Unexpectedly large charge radii of neutron-rich calcium isotopes

TL;DR

This paper reports the first measurements of charge radii for neutron-rich calcium isotopes 49, 51, and 52, revealing unexpectedly large sizes that challenge existing nuclear models and the doubly-magic nature of 52Ca.

Contribution

It provides new experimental data on charge radii of calcium isotopes and compares them with advanced theoretical calculations, highlighting unexpected size increases.

Findings

Charge radii of 49, 51, 52Ca measured for the first time.

Large increase in size of neutron-rich calcium isotopes beyond N=28.

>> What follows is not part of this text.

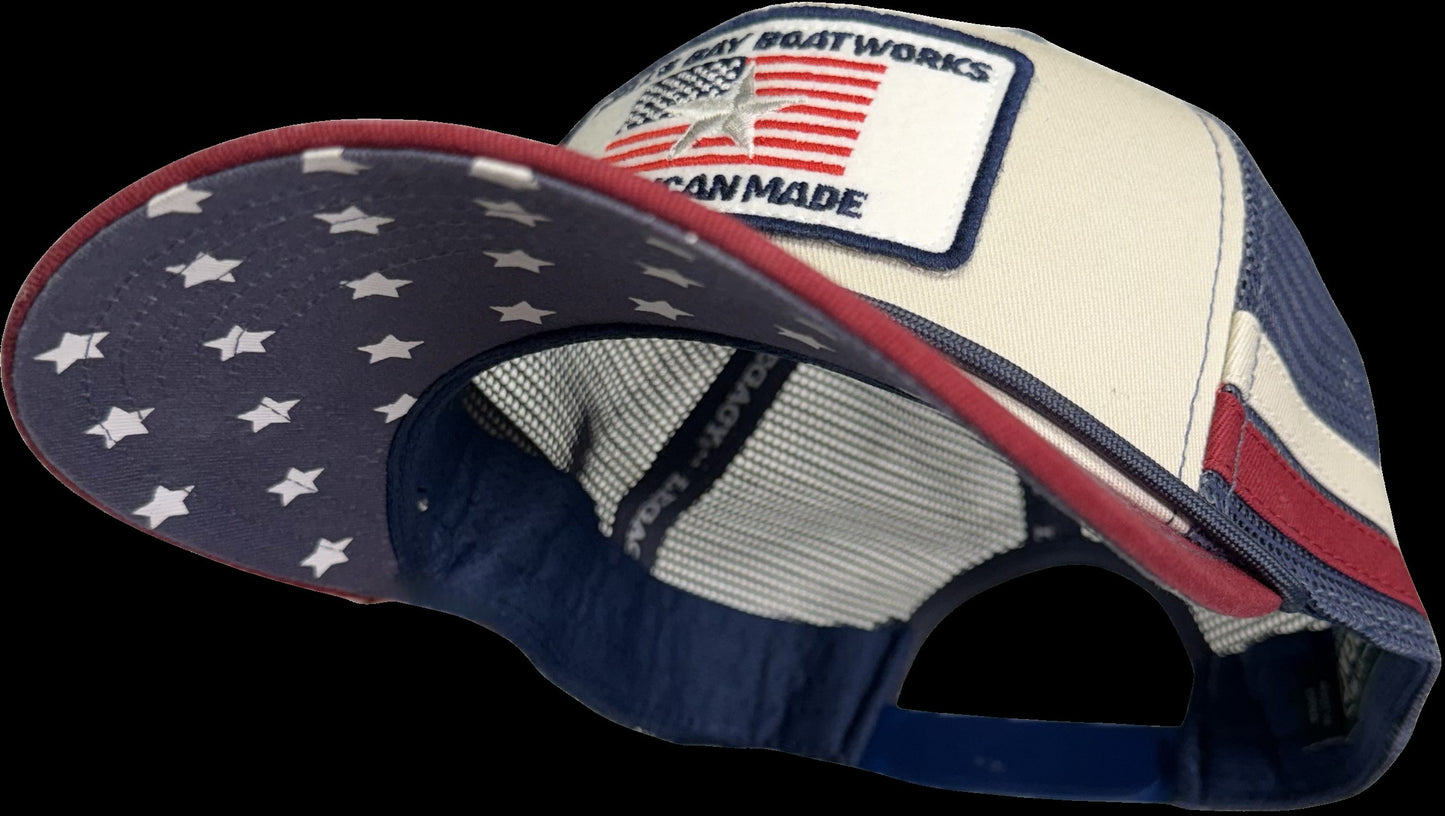 
                  
                    Cap with American flag design and 'American Made' patch on a black background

Challenges the doubly-magic nature of 52Ca.

Abstract

Despite being a complex many-body system, the atomic nucleus exhibits simple structures for certain "magic" numbers of protons and neutrons. The calcium chain in particular is both unique and puzzling: evidence of doubly-magic features are known in 40,48Ca, and recently suggested in two radioactive isotopes, 52,54Ca. Although many properties of experimentally known Ca isotopes have been successfully described by nuclear theory, it is still a challenge to predict their charge radii evolution. Here we present the first measurements of the charge radii of 49,51,52Ca, obtained from laser spectroscopy experiments at ISOLDE, CERN. The experimental results are complemented by state-of-the-art theoretical calculations. The large and unexpected increase of the size of the neutron-rich calcium isotopes beyond N = 28 challenges the doubly-magic nature of 52Ca and opens new intriguing questions on the evolution of nuclear sizes away from stability, which are of importance for our understanding of neutron-rich atomic nuclei.